In addition, to verify the capability of each scheme in utilizing renewable energy output, the actual consumption rates of photovoltaic and wind power were calculated, and the results are shown in Table 3. Due to voltage constraints and power flow bottlenecks during peak output periods, Scheme 1 and Scheme 2 are unable to fully accommodate the renewable energy injected into the grid. As a result, their maximum renewable energy utilization rates are relatively low, at only 58.47% and 69.86%, respectively. In contrast, Scheme 3, which adopts the proposed CIORS optimization strategy, dynamically reconstructs the network topology and effectively improves power flow distribution and load matching. This coordination significantly enhances the renewable energy hosting capacity of the system.
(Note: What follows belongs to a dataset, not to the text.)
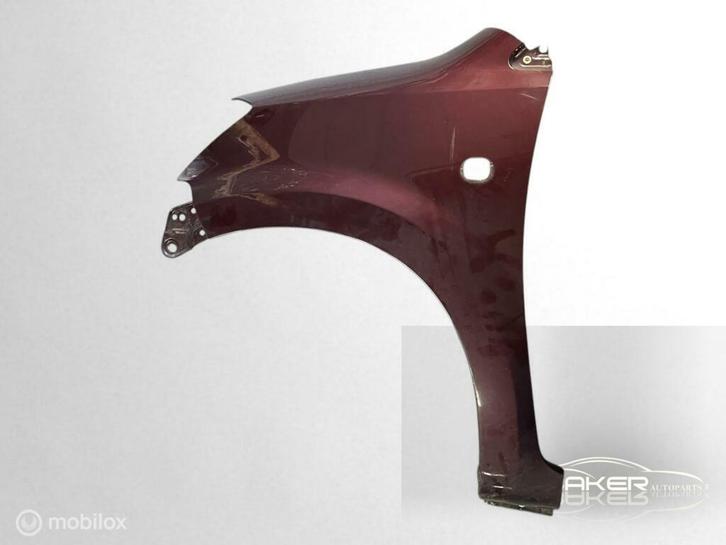 Spatbord links bruin Subaru Justy 1.0 Comfort ('85-'11), Auto-onderdelen, Carrosserie en Plaatwerk, Subaru, Gebruikt, Ophalen of Verzenden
The renewable energy utilization rates presented in Table 3 are computed by evaluating the actual power injected from PV and wind sources under operational constraints. As shown in the table, Scheme 3 achieves a renewable energy utilization rate of 88.92% at peak output, greatly mitigating the curtailment of wind and solar power and demonstrating the effectiveness of the proposed method in promoting clean energy consumption.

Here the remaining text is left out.